Hello,
I am looking at the DynInst API to instrument applications to
detect memory errors. Very impressed with the platform
independence of the API thus far.
Studying the maxarg.C tutorial code on
http://www.paradyn.org/tutorial/ with
DynInst 9.2.0 on Ubuntu 16.04 Desktop and gcc 5.3.1, I encounter
two issues, the second blocking me:
1) The maxarg tutorial tries to add a snippet to malloc() in
libc.so. It tries to find the malloc function in the module with
substring "libc" using findModule(). As I understand the API,
this will find the module of libc.so.6, but malloc() may well be
implemented in a separate source file, and hence another module
name. I corrected the example by first obtaining the libc.so.6
BPatch_object, and then using findFunction on the object, which
walks over all modules in the libc.so.6. A findObject()
convenience function on the BPatch_image would be nice here.
2) Still, the example cannot find the function malloc() in
the libc object. obj->findFunction("malloc") works on all
modules in the libc object, but fails to find malloc. It does
work for free(), returning "__GI___libc_free" as the function
name in /lib/x86_64-linux-gnu/libc-2.23.so.

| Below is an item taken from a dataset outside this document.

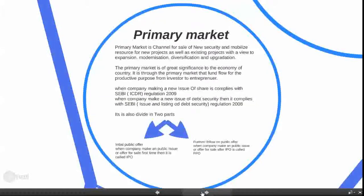The security market is divided into two parts. The first is the primary market. Primary market is a channel for the sale of new securities and mobilizes resources for new projects as well as existing projects, with a view to expansion, modernization, diversification, and upgradation. It is the market in which a company first makes an issue to the public.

malloc seems to be present in libc:
$ readelf -s /lib/x86_64-linux-gnu/
libc-2.23.so | grep malloc
443: 0000000000083550 414 FUNC GLOBAL DEFAULT 13
__libc_malloc@@GLIBC_2.2.5
550: 0000000000086e70 24 FUNC WEAK DEFAULT 13
malloc_info@@GLIBC_2.10
820: 0000000000086560 474 FUNC WEAK DEFAULT 13
malloc_stats@@GLIBC_2.2.5
992: 0000000000083850 539 FUNC WEAK DEFAULT 13
malloc_get_state@@GLIBC_2.2.5
1088: 00000000003c3b10 8 OBJECT WEAK DEFAULT 33
__malloc_hook@@GLIBC_2.2.5
1185: 0000000000083550 414 FUNC GLOBAL DEFAULT 13
malloc@@GLIBC_2.2.5
1221: 00000000000845f0 498 FUNC WEAK DEFAULT 13
malloc_usable_size@@GLIBC_2.2.5
1467: 0000000000086170 705 FUNC WEAK DEFAULT 13
malloc_trim@@GLIBC_2.2.5
1787: 00000000003c57b0 8 OBJECT WEAK DEFAULT 34
__malloc_initialize_hook@@GLIBC_2.2.5
2087: 00000000000856b0 1320 FUNC WEAK DEFAULT 13
malloc_set_state@@GLIBC_2.2.5
And my test program explicitly calls malloc:
$ nm -g test1/test |grep malloc
U malloc@@GLIBC_2.2.5
Any ideas what I do wrong here to try to find and instrument
malloc()? I hope you can help me further.